The next morning, our friends the natives returned again, and brought with them a quantity of fish, which they exchanged for two hatchets.
Fair weather on the 12th, enabled us to finish picking, airing, and baking our biscuit; four thousand two hundred and ninety-two pounds of which we found totally unfit to eat; and about three thousand pounds more could only be eaten by people in our situation.[4]

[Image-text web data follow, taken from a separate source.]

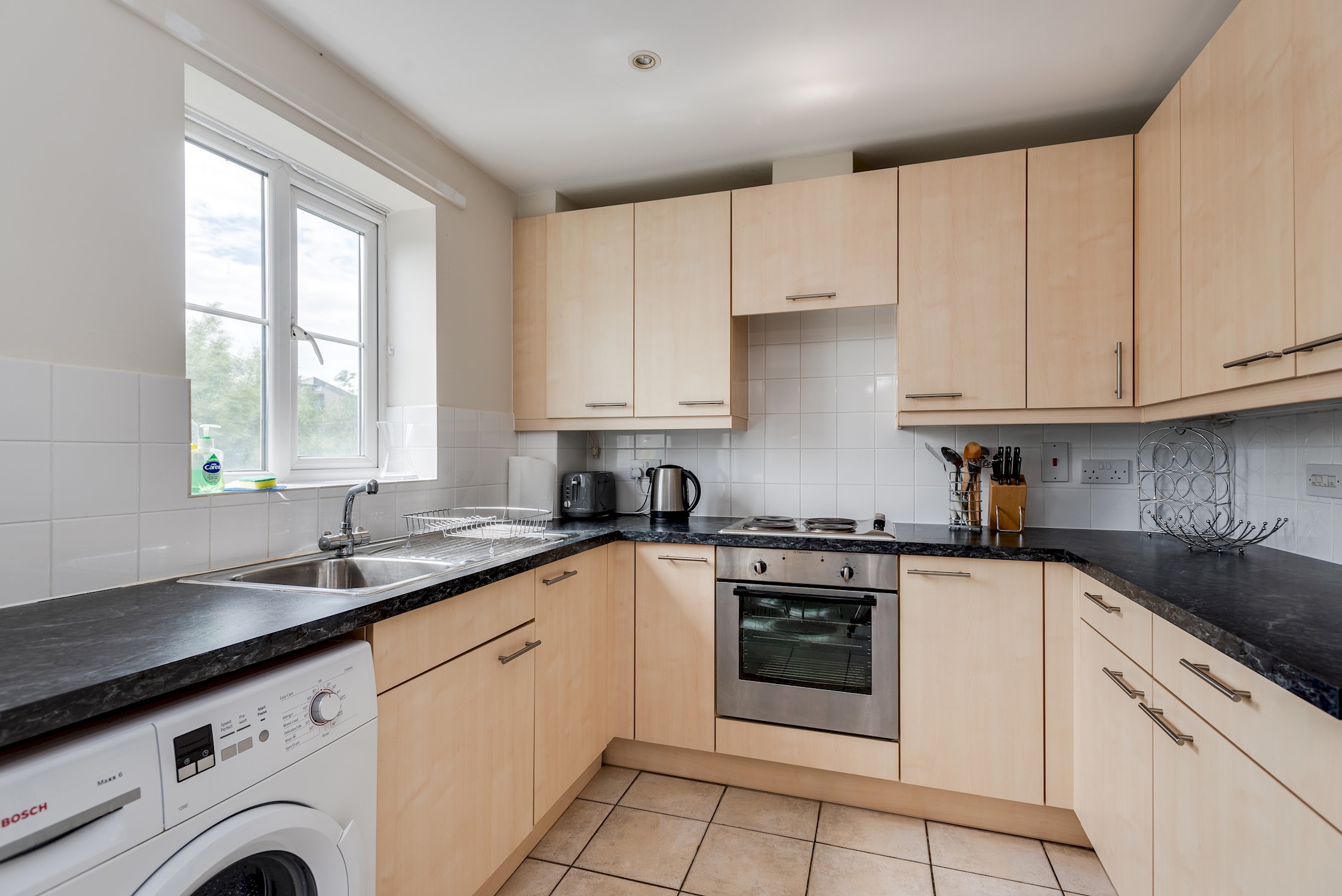 Modern 2 Bedroom Apartment in popular Jericho !!!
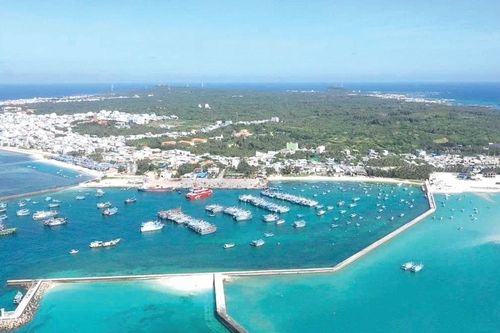 Bệnh viện Bạch Mai đồng hành cùng ngành Y ở Đặc khu Phú Quý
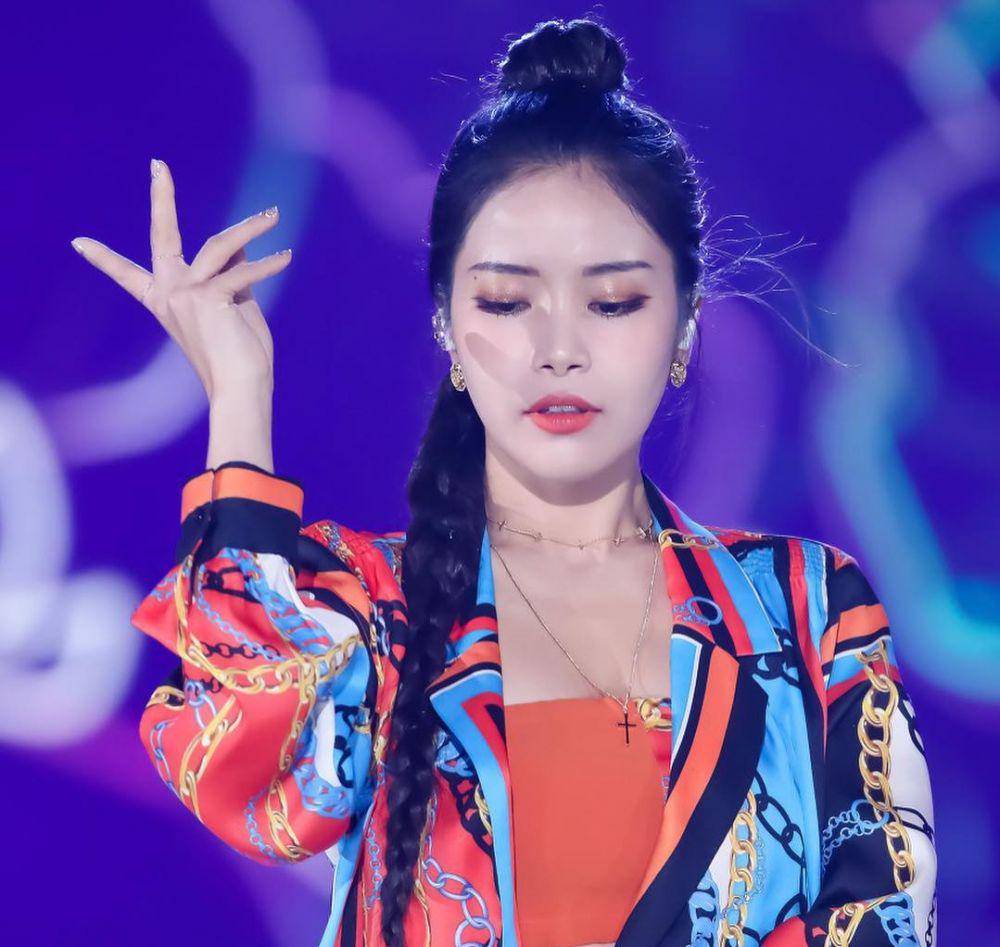Instagram.com/solar.mamamoo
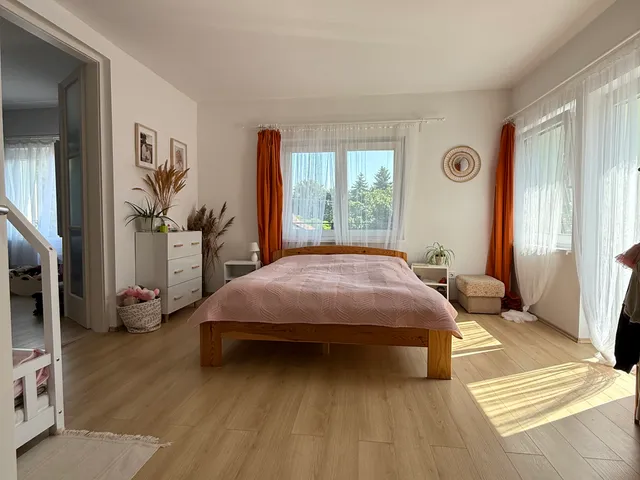 Eladó lakás Zánka 144 nm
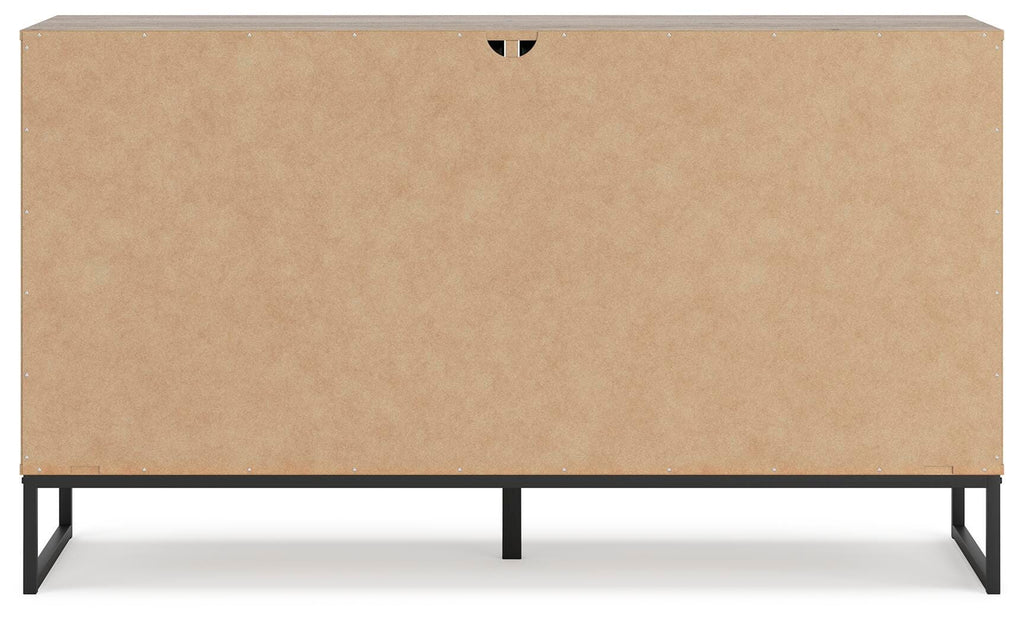 Deanlow Bedroom Package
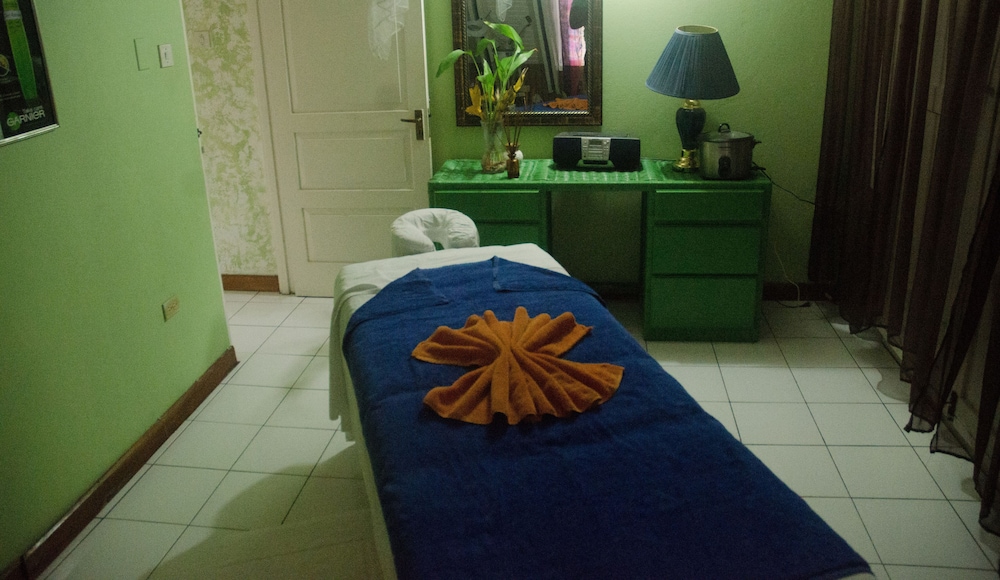 Sandcastles Beach Resort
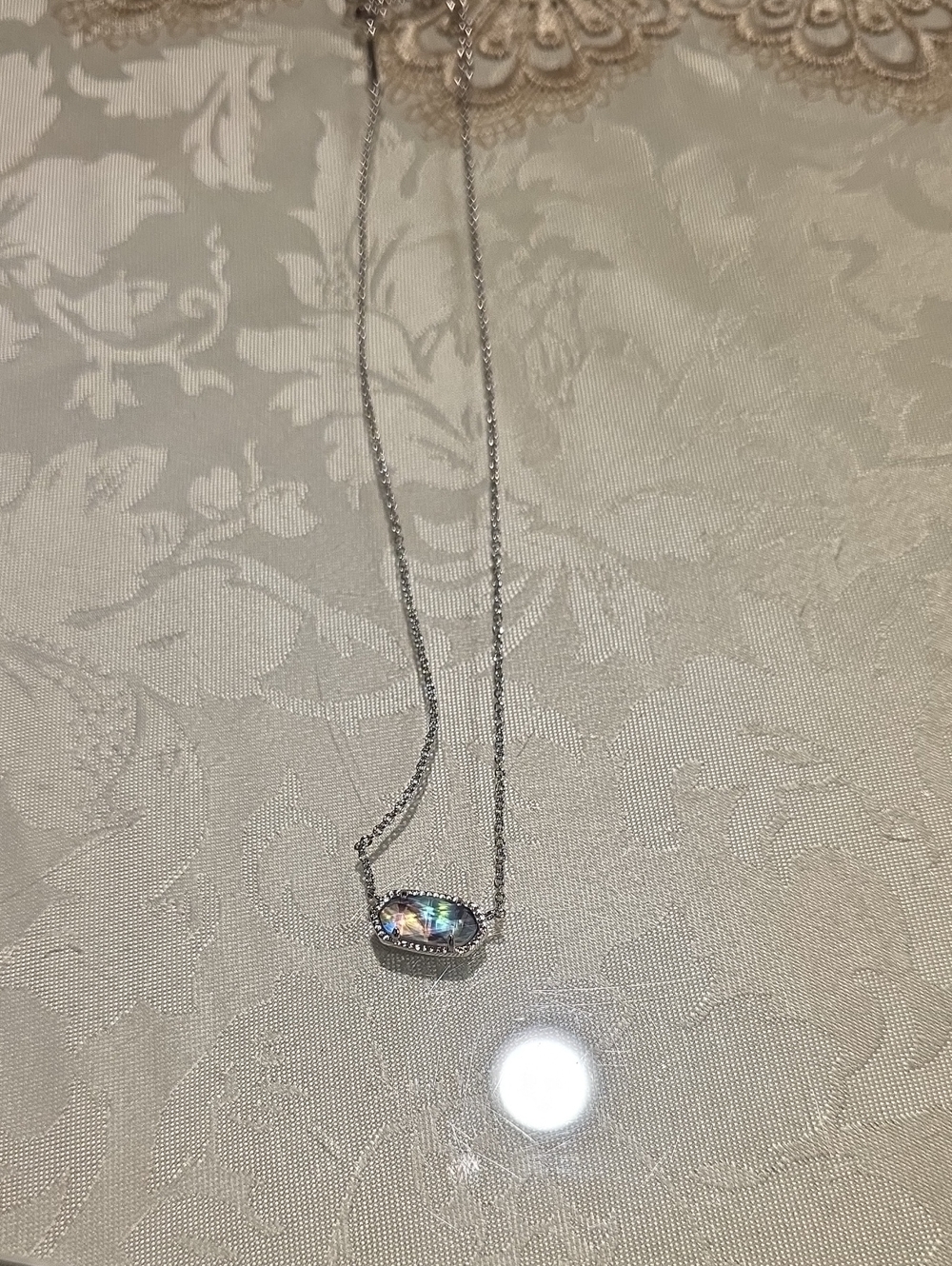 Kendra Scott Iridescent Elise Necklace - Silver with Multicolor Sheen - Picture 4 of 10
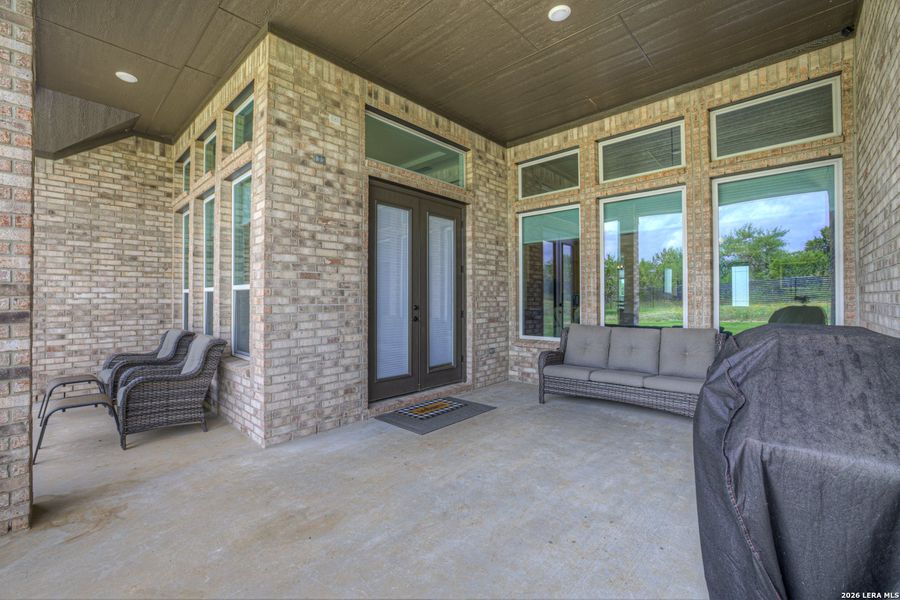 Exterior details and patio area of a home in Waldsanger, New Braunfels (Image 26).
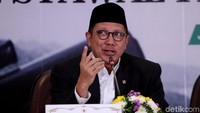 Menag menyatakan setidaknya ada 12 pengamat rukyatul hilal yang memberikan kesaksian telah melihat hilal. Di antaranya di kawasan Manado, Palu, dan Gresik.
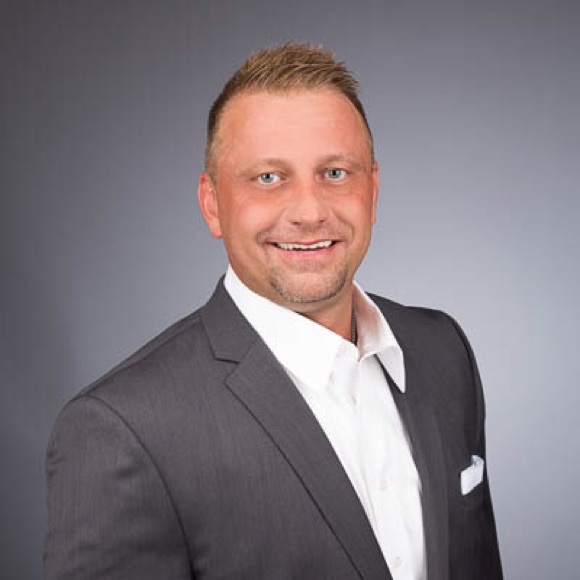 Meet your Posher, Emerson - Picture 8 of 8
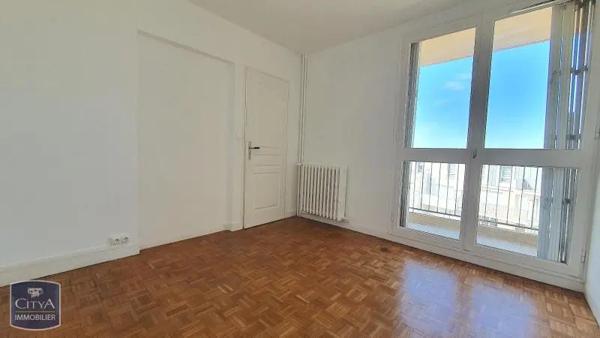 Appartement à louer 3 pièces 52.55m² Chartres (28000)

[4] "In the morning, the weather being clear again, Dr Sparrman, my father, and myself, went to the Indian Cove, which we found uninhabited. A path, made by the natives, led through the forest a considerable way up the steep mountain, which separates this cove from Shag Cove. The only motive which could induce the New Zealanders to make this path, appeared to be the abundance of ferns towards the summit of the mountain, the roots of that plant being an article of their diet. The steepest part of the path was cut in steps, paved with shingle or slate, but beyond that the climbers impeded our progress considerably. About half way up, the forest ended, and the rest was covered with various shrubs and ferns, though it appeared to be naked and barren from the ship. At the summit we met with many plants which grow in the vallies, and by the sea-side, at Dusky Bay, owing to the difference of the climate, which is so much more vigorous in that southern extremity of New Zealand. The whole to the very top consists of the same talcous clay, which is universal all over the island, and of a talcous stone, which, when exposed to the sun and air, crumbles in pieces, and dissolves into lamellae. Its colour is whitish, greyish, and sometimes tinged with a dirty yellowish-red, perhaps owing to irony particles. The south side of the mountain is clad in forests, almost to the summit. The view from hence was very extensive and pleasing: We looked into East Bay as into a fish-pond, and saw Cape Tera-wittee beyond the Strait. The mountains in the south arose to a vast height, and were capt with snow; and the whole prospect on that side was wild and chaotic."--G.F.
On the 13th, clear and pleasant weather. Early in the morning the natives brought us a quantity of fish, which they exchanged as usual. But their greatest branch of trade was the green talc or stone, called by them Poenammoo, a thing of no great value; nevertheless it was so much sought after by our people, that there was hardly a thing they would not give for a piece of it.[5]